Bazen de terkedilmiş bir yerde kapana kısılmış gibi hissederim, dışarıya çıksam insanlar devasa büyüklükte, beni ezebilirler, içeride kalsam burası çok karanlık ve izbe... Ama zarar verilmek beni güldürür, çünkü o zaman aslında varolduğumu, önemsendiğimi hissederim evet kulağa delice gelebilir ama beni yaralamanızdan, bana kötü davranmanızdan mutluluk duyarım.
...
Size bir sır vereyim mi?
Ben aslında ölüyüm!..
***
Yukarıda bir şizofreniğin dilinden iç dünyasını izah etmeye çalıştım.

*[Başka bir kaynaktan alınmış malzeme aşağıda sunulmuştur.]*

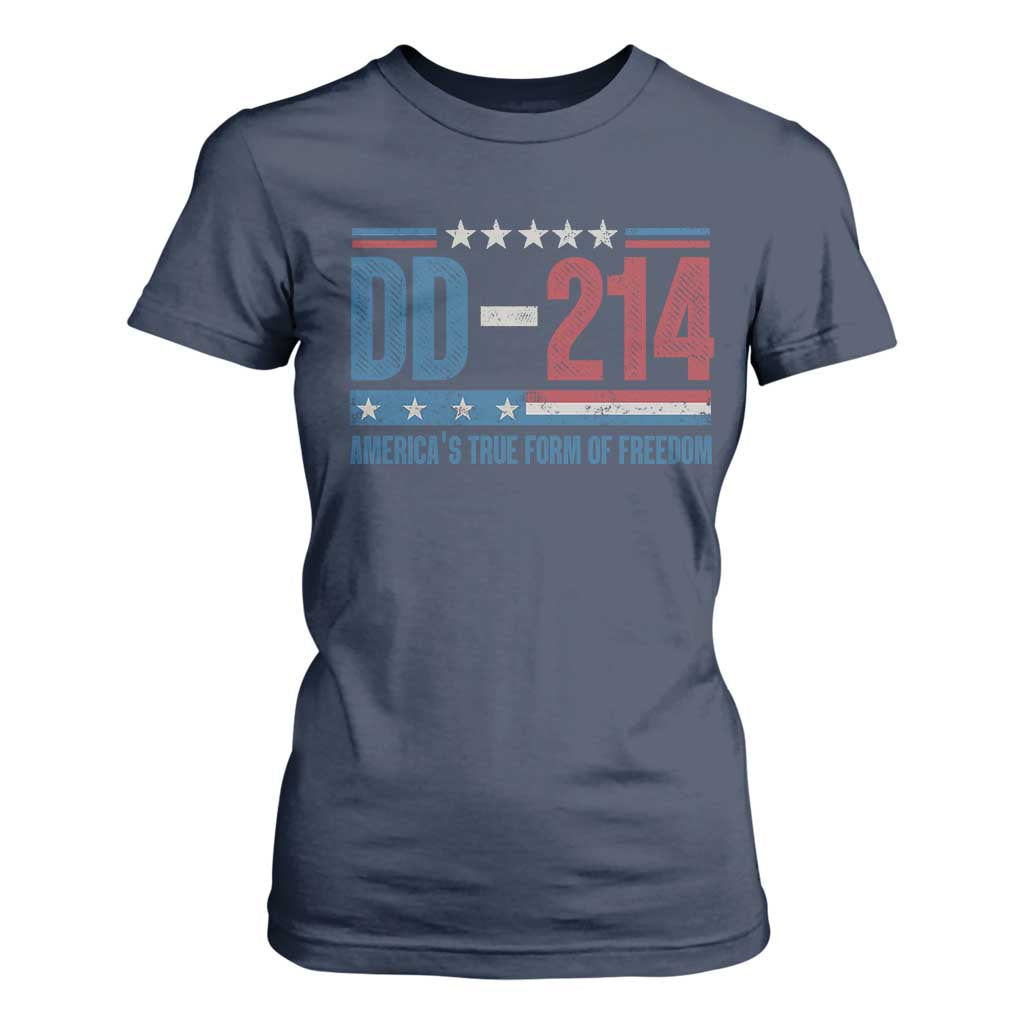 DD-214 Veteran T Shirt For Women America's True Form Of Freedom TS09 Navy Print Your Wear
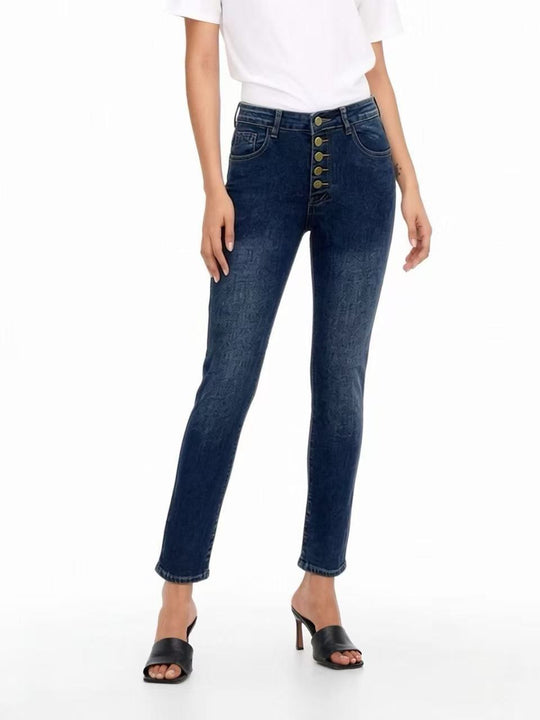 Damen Slim-Fit Jeans mit eleganter Knopfleiste und hohem Bund R&B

Bebeklik ve çocukluk evresinde edinilen değersizlik hissiyle, (toplumsal ve ruhsal baskılarla) oluşturduğu personasının, gerisinde büyüttüğü içsel benlik, iki uç noktaya doğru çekilmeye başlar, yaşamı haketmediği ve ölmesi gerektiği düşüncesi onda bir saplantıya dönüşür, zamanla kendi bedeni ve dış dünya ile kopuş yaşayarak gerçeklik algısını tamamen yitirir. Varlığını sürdürebilmek için kendini, bilerek ve kasten öldürür.
Laing yeni keşfettiğim ama uslubunu çok beğendiğim yazarlardan... şöyle diyor;
"O aslında hâlâ varolan 'ben' ini arayan biridir. "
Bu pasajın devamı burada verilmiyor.